— WHAT THE TASK ASKS —
Your task is to transcribe the data exactly while omitting each picture.

[SUPPLIED RECORDS — start]

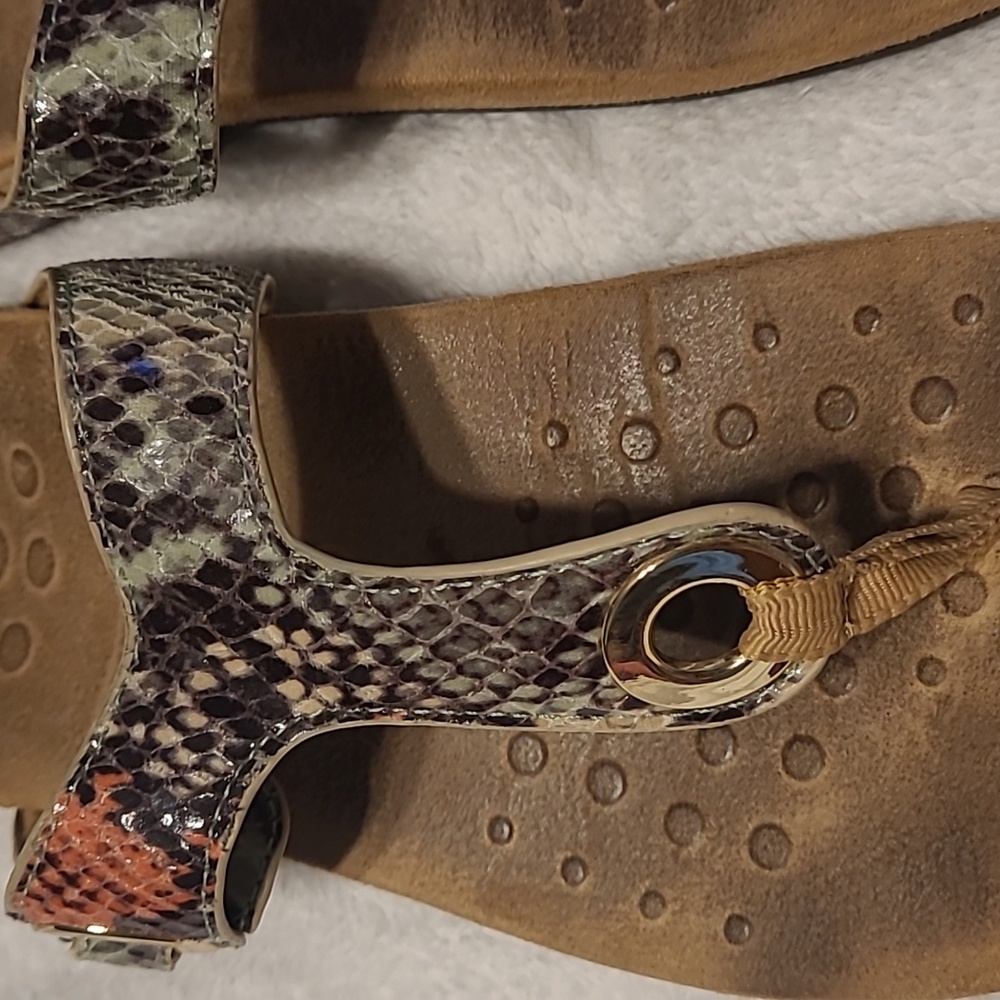 Vionic sandals - Picture 3 of 4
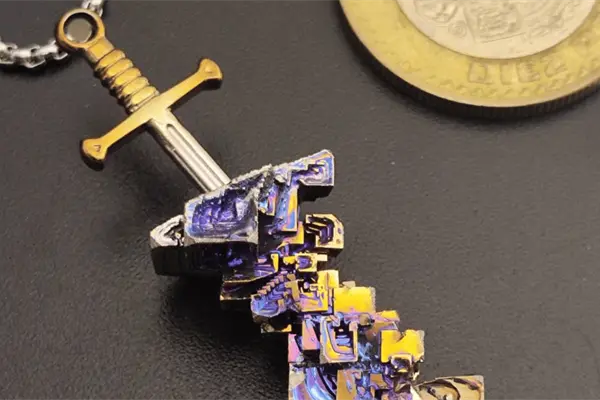 ¿Una espada de bismuto? Encuentra aquí los regalos más originales para Navidad en Monterrey ¿Una espada de bismuto? Encuentra aquí los regalos más originales para Navidad en Monterrey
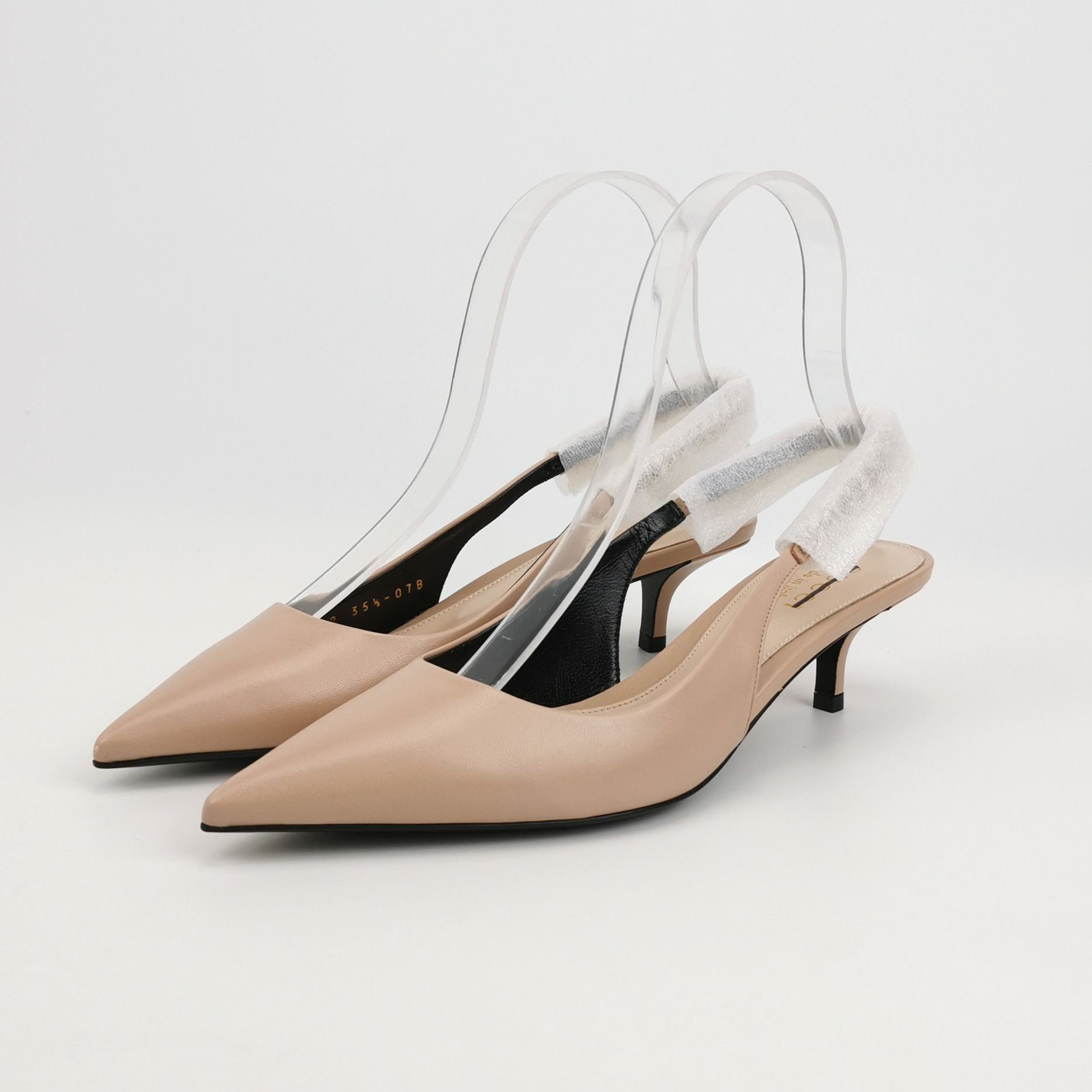 Gucci Gucci Women 5-5 Flats Size US 5.5 / IT 35.5 - 2 Thumbnail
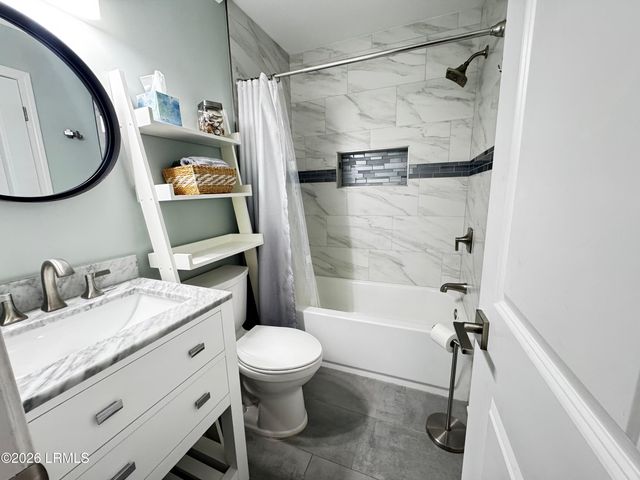 40 Folly Field Rd Apt A17, Hilton Head Island, SC 29928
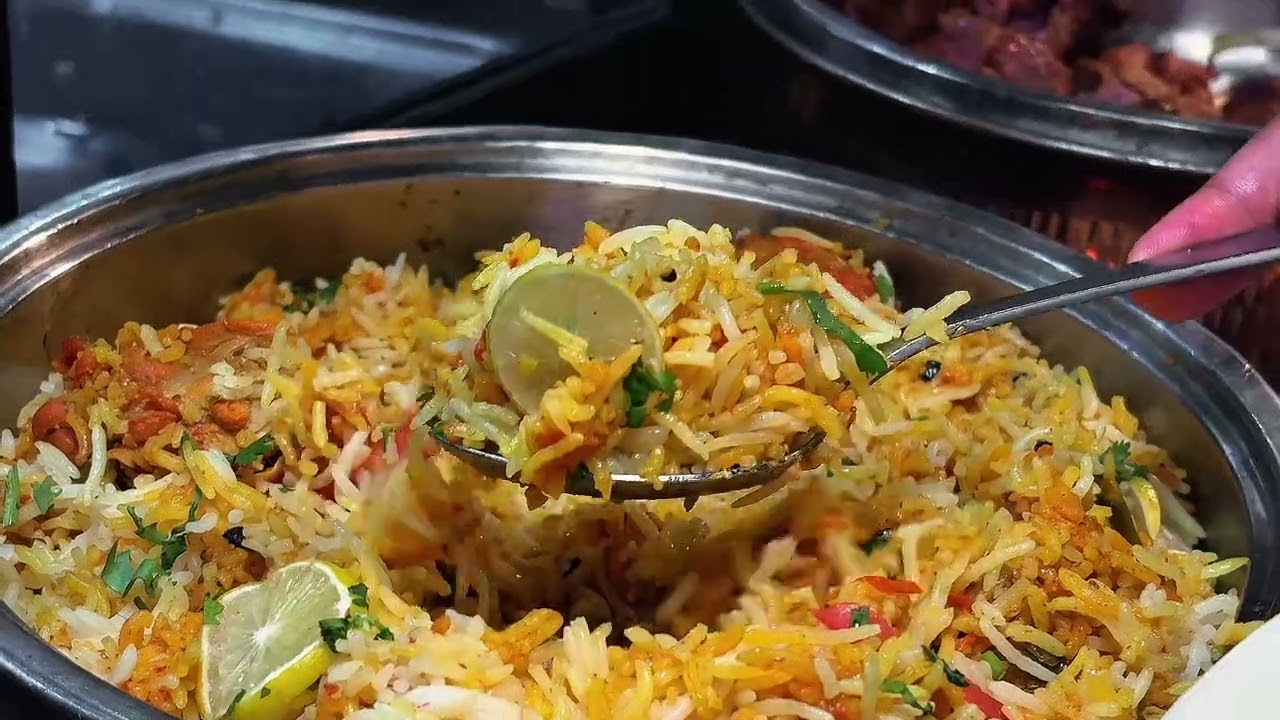 Desi Carnival at MM Alam Road | Unlimited Desi Dishes & Buffet Experience in Lahore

[SUPPLIED RECORDS — finish]

— YOUR SOLUTION —
 Vionic sandals - Picture 3 of 4
 ¿Una espada de bismuto? Encuentra aquí los regalos más originales para Navidad en Monterrey ¿Una espada de bismuto? Encuentra aquí los regalos más originales para Navidad en Monterrey
 Gucci Gucci Women 5-5 Flats Size US 5.5 / IT 35.5 - 2 Thumbnail
 40 Folly Field Rd Apt A17, Hilton Head Island, SC 29928
 Desi Carnival at MM Alam Road | Unlimited Desi Dishes & Buffet Experience in Lahore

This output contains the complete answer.